At least you have a chance of getting out of your group Owns. My team will finish last and not win a game lol


----------



## Cookie Monster

Stun Gun said:


> At least you have a chance of getting out of your group Owns. My team will finish last and not win a game lol


You and me both, breh -.-


----------



## UFC_OWNS

Stun Gun said:


> At least you have a chance of getting out of your group Owns.
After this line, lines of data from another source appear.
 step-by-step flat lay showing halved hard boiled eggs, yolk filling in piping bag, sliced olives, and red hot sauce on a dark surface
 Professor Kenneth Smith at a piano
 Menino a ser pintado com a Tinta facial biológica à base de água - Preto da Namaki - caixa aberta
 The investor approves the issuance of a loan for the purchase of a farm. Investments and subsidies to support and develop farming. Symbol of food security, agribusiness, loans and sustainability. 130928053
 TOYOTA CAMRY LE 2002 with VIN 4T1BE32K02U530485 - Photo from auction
My team will finish last and not win a game lol


Nah mexico could probably draw with them and camerron might beat them, they already got fleeced by brazil so i'm screwed.


----------



## Spite

Spain and Argentina amongst the 5 not picked.
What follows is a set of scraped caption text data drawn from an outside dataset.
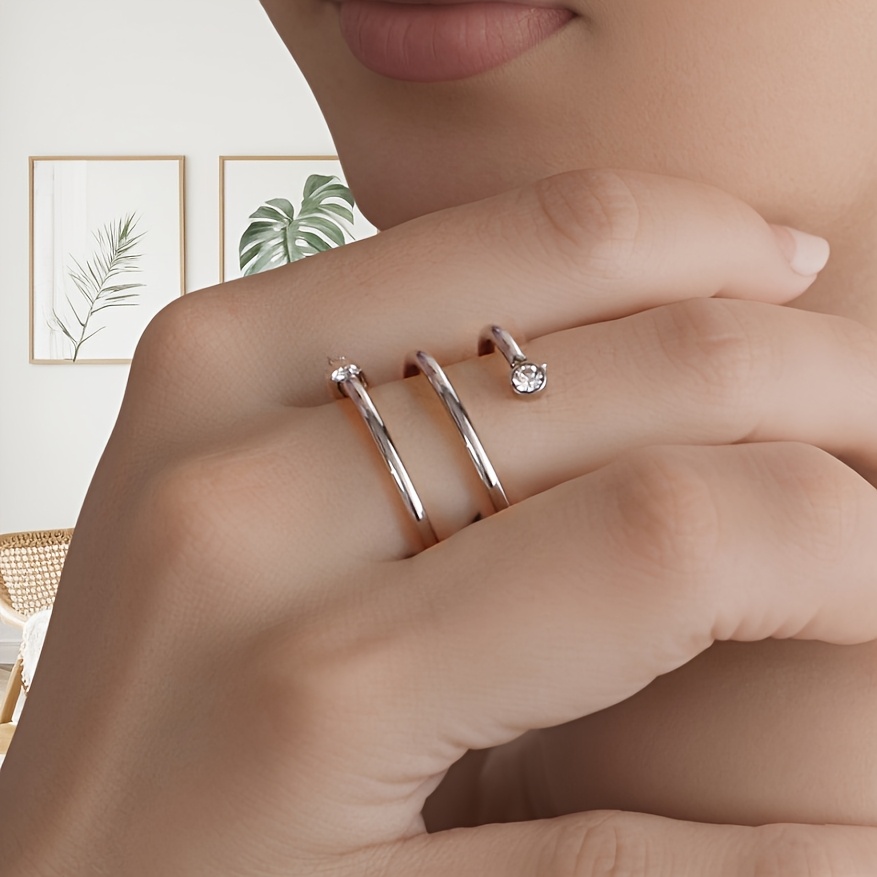 Carnival Stainless Steel Twisted Band Ring with Sparkling Artificial Stone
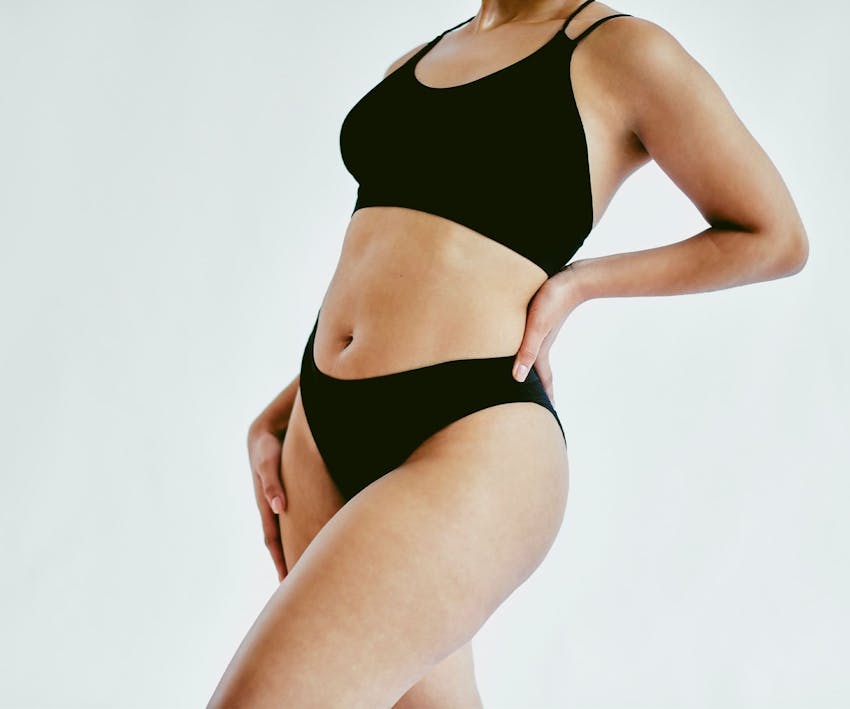 woman's body leaning back slightly in black underwear set
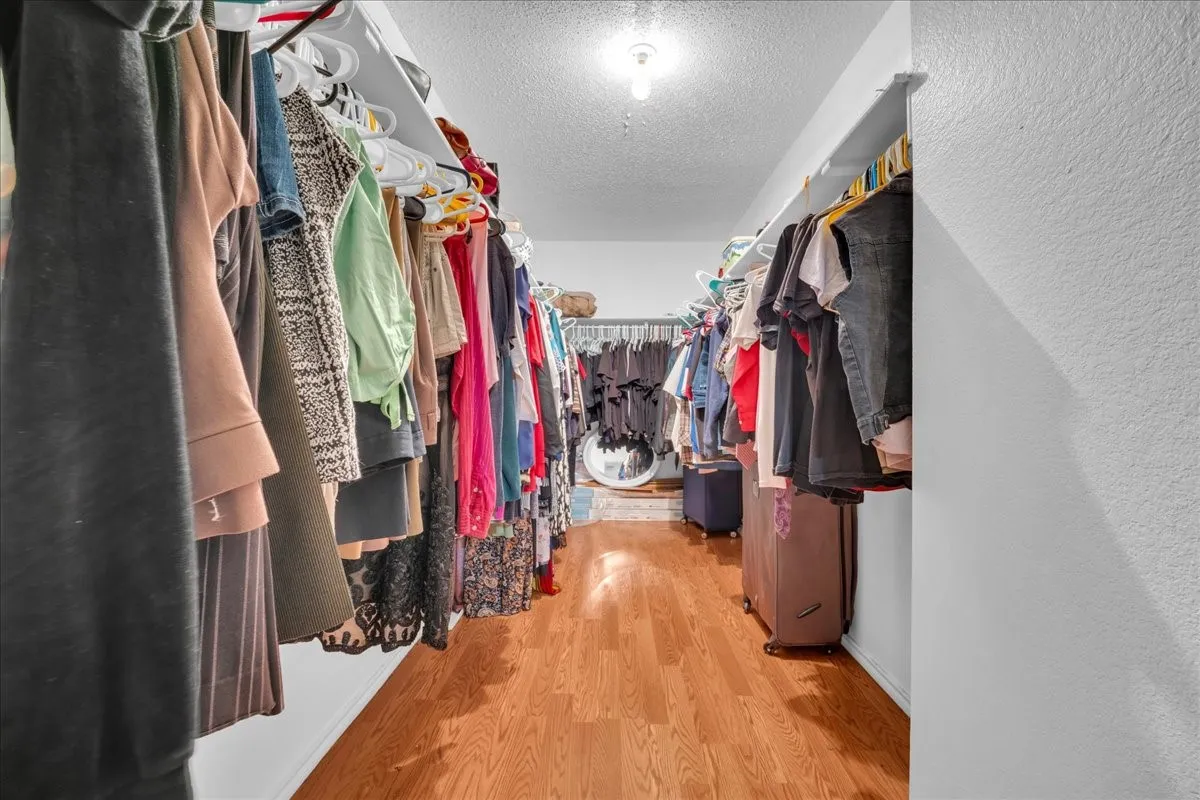 Walk-in closet featuring wood-finish flooring and built-in shelving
:S I hope they dont meet in the final!



Cookie Monster said:


> You and me both, breh -.-


Remember - Having a shit team is good. 250k for finishing bottom, plus a chance to win 10 million credits if your team is the worst of the worst!


----------



## LizaG

Germany huh?...

Could be interesting.


----------



## UFC_OWNS

Of course cupcake who doesnt even watch football gets one of the best picks in the tournament


----------



## Cookie Monster

Spite said:


> Spain and Argentina amongst the 5 not picked.
> 
> :S I hope they dont meet in the final!
> 
> 
> 
> Remember - Having a shit team is good. 250k for finishing bottom, plus a chance to win 10 million credits if your team is the worst of the worst!
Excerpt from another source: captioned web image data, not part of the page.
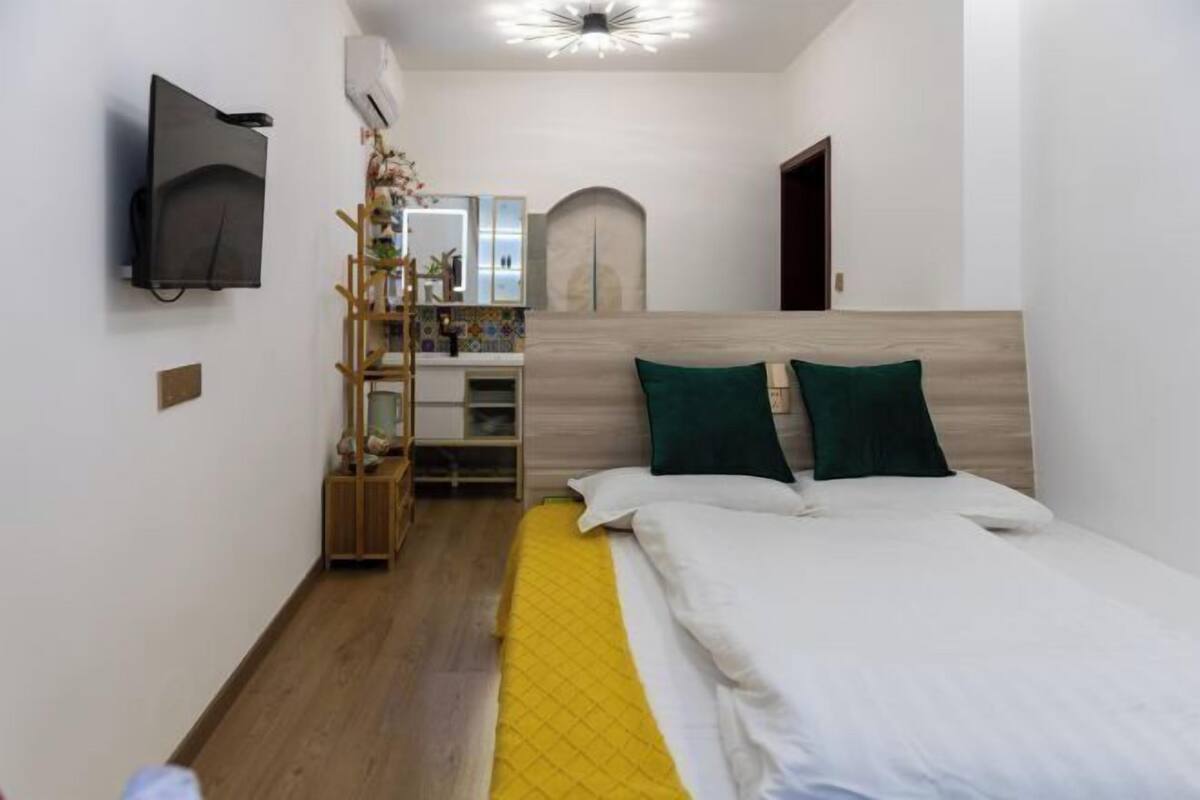 A bedroom with a bed, a TV, a wooden floor, a mirror, and a small plant.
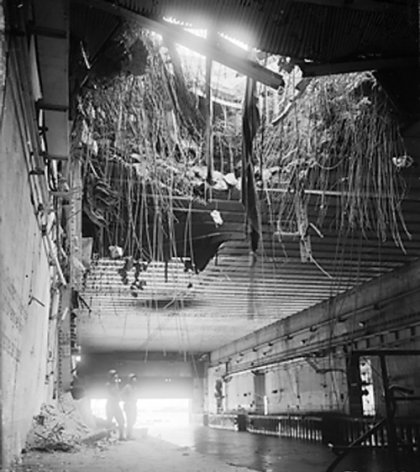 A forty-foot circle hole in the roof of a U-boat pen in Brest, France which had received a direct hit during the Allied bombardment, 18 Sep 1944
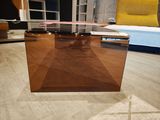 a glass table with a glass top in a living room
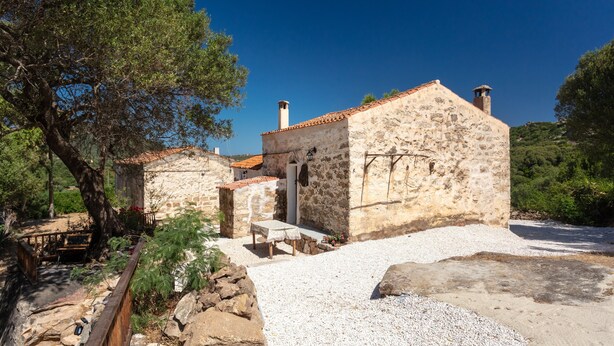 A stone building with a tiled roof, a bench, and a gravel path. - Holiday Home 'Stazzu Saiacciu' with Terrace (Palau)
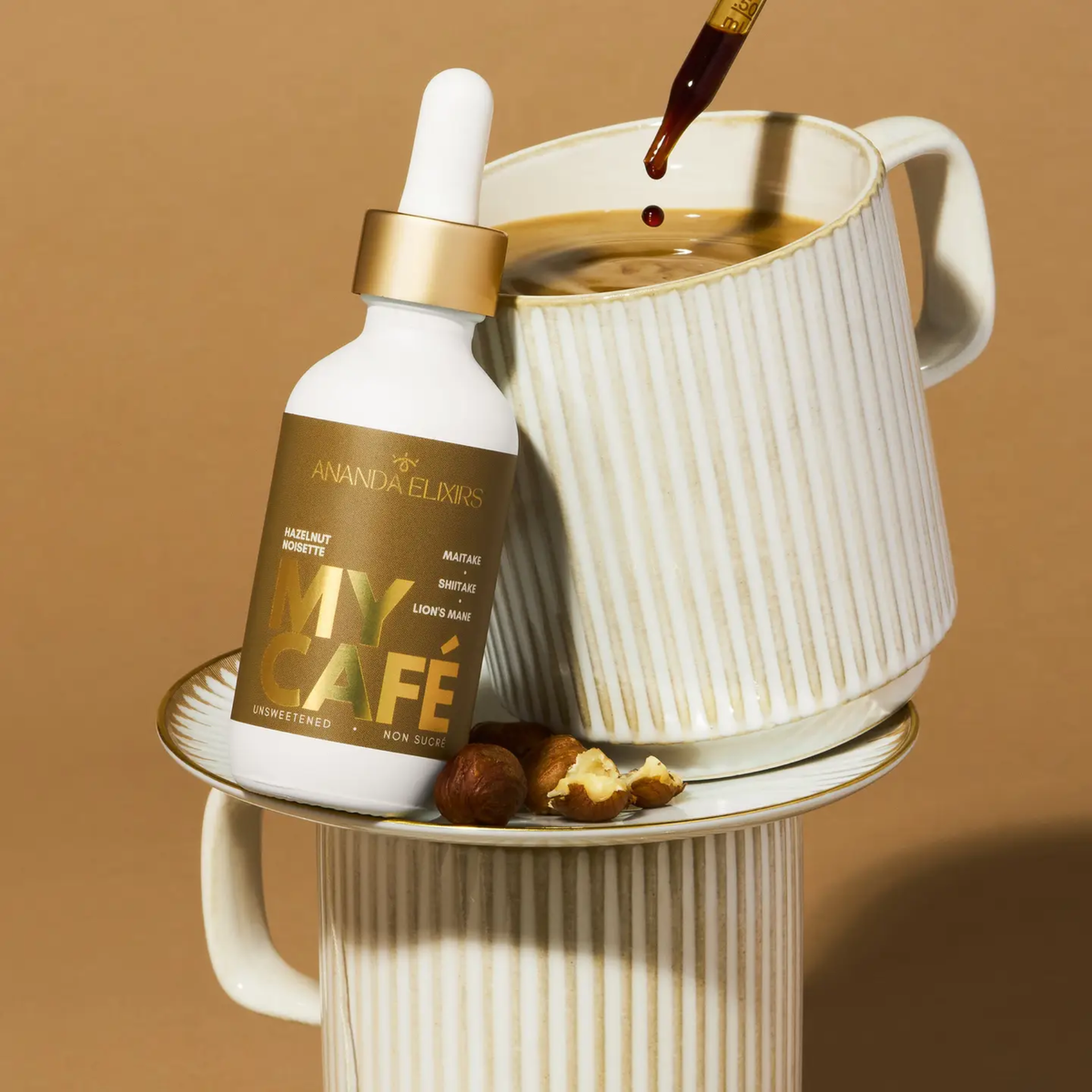 a white dropper bottle wth a brown label that reads my cafe hazelnut leaning against a white mug filled with coffee with a tan background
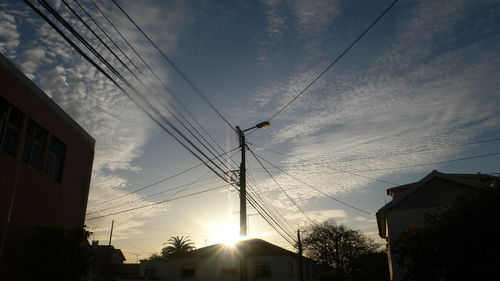 Low angle view of electricity pylon against cloudy sky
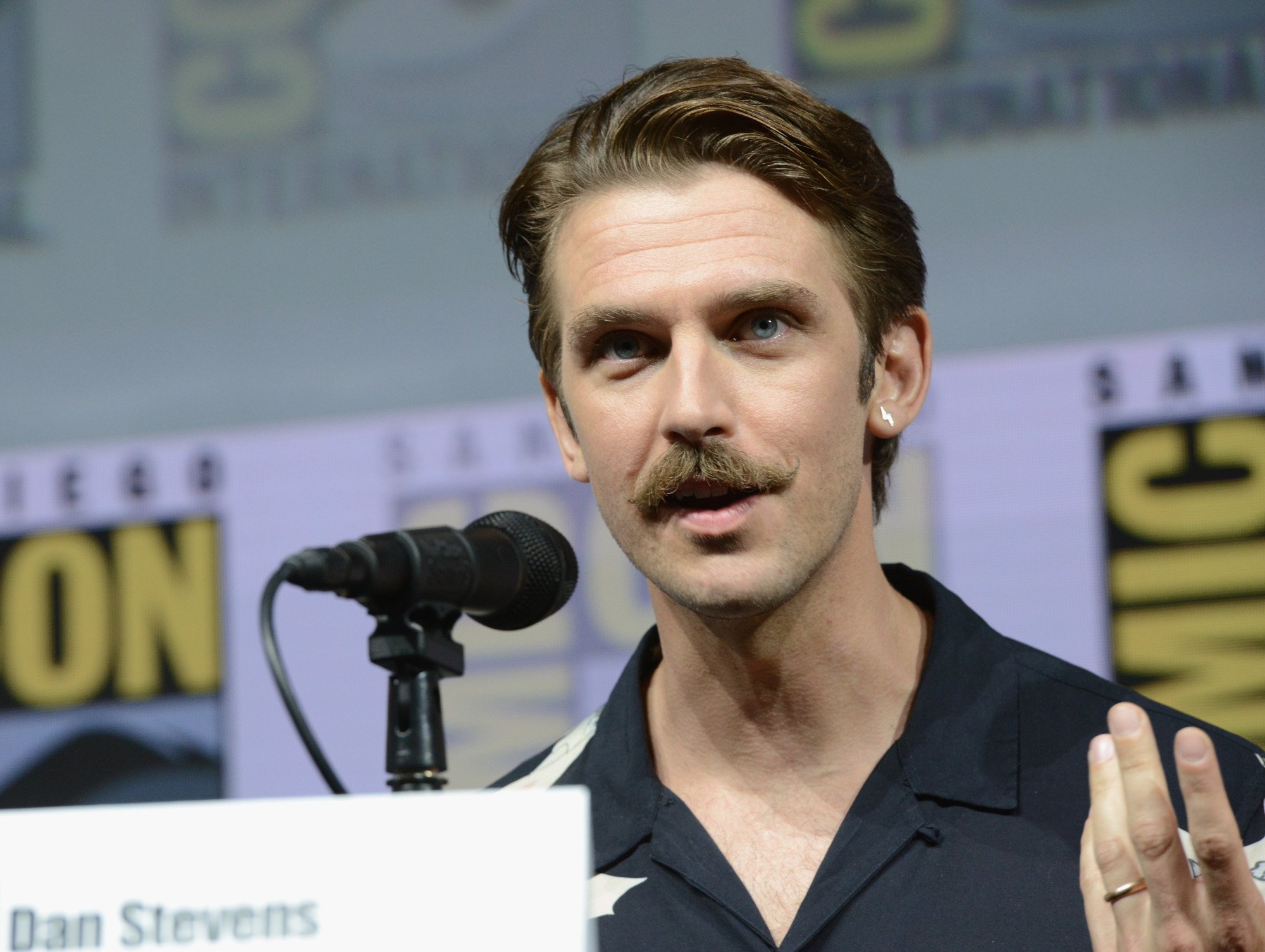 'Downton Abbey' and 'Beauty and the Beast' star Dan Stevens, who is rumored to play a villain in Marvel's 'Eternals.' He's speaking into a microphone during a San Diego Comic-Con panel.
Well, I'm a strong contender for that one! Honduras has never made it out of group stage at the World Cup. 

Sent from Verticalsports.com App


----------



## boatoar

Haha. Go Forlan and Suarez. Costa Ricans ruined me.


----------



## DonRifle

I picked 11 because of Romario, low and behold I got Brazil! I'll take those credits now please!!!


----------



## AlanS

As the guy who got Nigeria, its a blessing no one entered to pick Argentina. At least I may get out of the group stages.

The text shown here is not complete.